A lesson learned on GRPC Client side load balancing

Background 

This post walks through the steps I took to debug load balancing issues for a client/server written in Go, using gRPC and running in Kubernetes. This post starts by identifying the problem, attempting to fix it, realizing why that didn't actually fix it, and then finally understanding how gRPC load balancing was working with the Kubernetes service. It's kind of weird because rather than a nice issue/solution format, I walk you through my process. So if you're into that, great! If not, just go to the last part to figure out the main points.

Anyways, I was given the task of writing a load tester for one of our microservices that takes in a request for a certain type of product recommendation and returns the products. We wanted to hit the service at ~60k requests/second. To do this, I built a load tester in Go that uses gRPC to talk to the service. The load tester is comprised of a client that is called locally from my laptop and port-forwards to the attacker pods (load tester server) in a Kubernetes cluster and fires them off. After the attackers have finished sending requests to the recommendations service, the client records the responses from the attackers and spits out statistics on the test. 

Definitions 

Load balancing distributes tasks to a set of workers. In this case, we want to distribute incoming requests evenly over the set of service pods that we are hitting. See gRPC's documentation on load balancing.

Client-side load balancing is when the caller determines how to distribute the tasks instead of a layer in front of the server that takes all incoming requests/tasks and distributes them. 

gRPC is a modern open source high performance Remote Procedure Call (RPC) framework developed by Google. It's known for being ~fast~. (See grpc-go)

The problem

The issue that I ran into while developing the load tester was that when I increased the number of threads each attacker used / the rate of requests per second to run at, the results contained a lot of concurrency/resource exhausted errors. At first, I tried scaling the pods, and then I tried scaling the resources on the pods from requesting 1cpu/1Gb memory to 14cpu/50Gb (each pod on its own node) per pod. Each time I would try to ramp up the tests, I would get a significant amount of errors like

"response type": "rpc error: code = ResourceExhausted desc = Too many concurrent requests. Please retry later."

:( 

Identifying the source of the problem 

We knew that the pods' scale/size wasn't the main issue here since tuning them gave no change in the results. Since the stats were coming from the attackers, I knew that each attacker was sending requests and receiving responses. The next place to look was the service pods we were attacking. The Prometheus metrics from the pods showed something interesting, we were only hitting a few of the service pods, and we were hitting those hard, while there were some service pods that were never hit at all. This caused an unbalanced load on the service pods. Istio/envoy does not sit in front of the service pod we were testing, so there was no server-side load balancing. 

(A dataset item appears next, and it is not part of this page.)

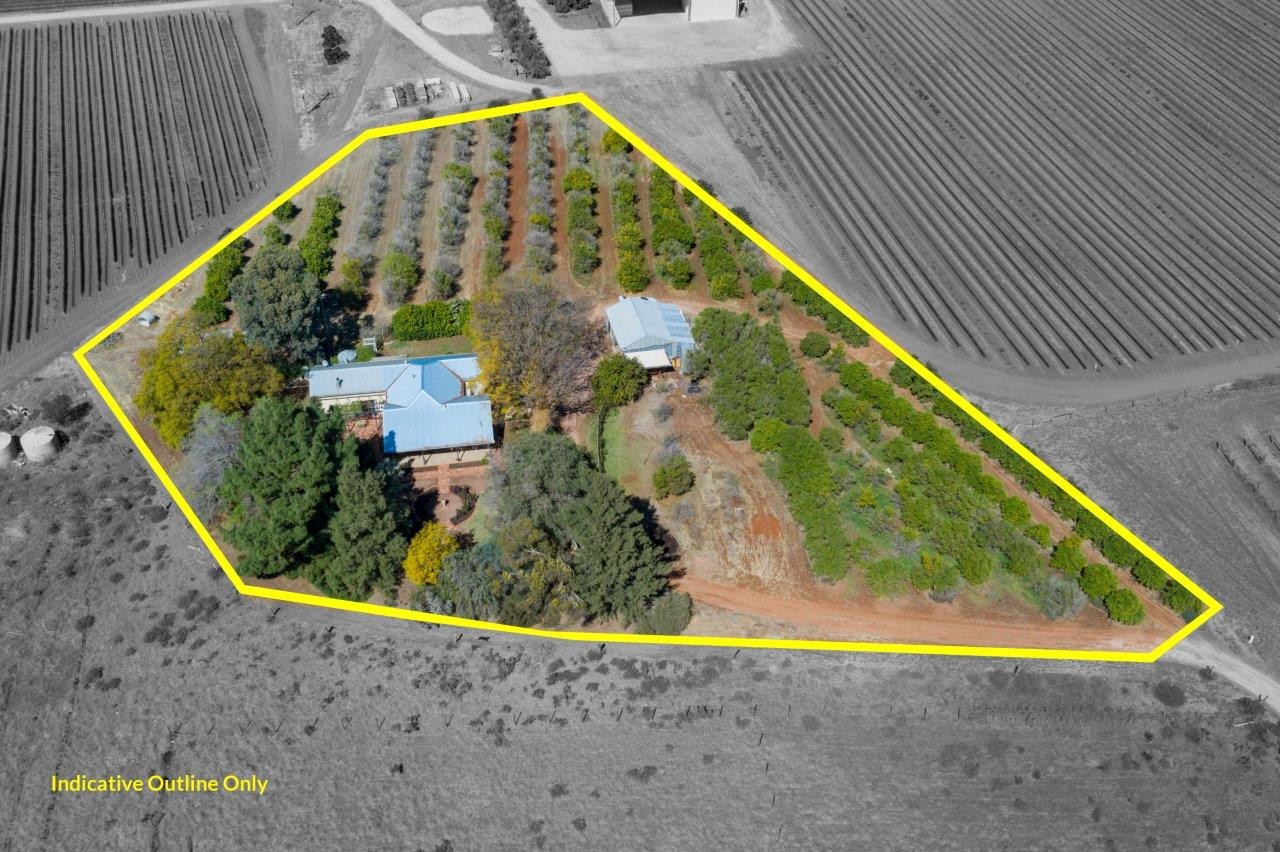 66 Stewart Road, Red Cliffs, VIC 3496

Testing with a low send rate, the results from the service were 

port requests
4000 62
4001 62
4002 0
4002 0
4003 0
4004 29
4005 0
4006 0
4007 31
4008 0
4009 0
4010 31

The port number isn't interesting here, it just represents one of the service pods we are testing. The takeaway from these results is that the requests that the attackers are sending to the service are not being distributed, causing an uneven load. 

The Code

My original code had a few problems in it that caused undistributed sends. In an attempt to add distribution, we added load-balancing configs and more connections.

Connections and client-side load balancing configs

At first, we thought that creating the connection only once was the issue, so we put the connection in the thread loop that fires off requests to the pods we were testing. Additionally, we set up the client-side load balancer with the configs. We also set up the DNS/kuberesolver in an attempt to resolve the addresses of each of the pods in the service when given the service name. We observed kuberesolver wasn't changing the results, so we kept only the DNS resolver. All this means is that in the address we dial, we added "dns:///" to the front (so if address is pod-service-name, we would have dns:///pod-service-name). 

So we changed three things basically simultaneously:

* created new gRPC connection for each thread 

* added DNS resolver  (dns:///{address_to_dial})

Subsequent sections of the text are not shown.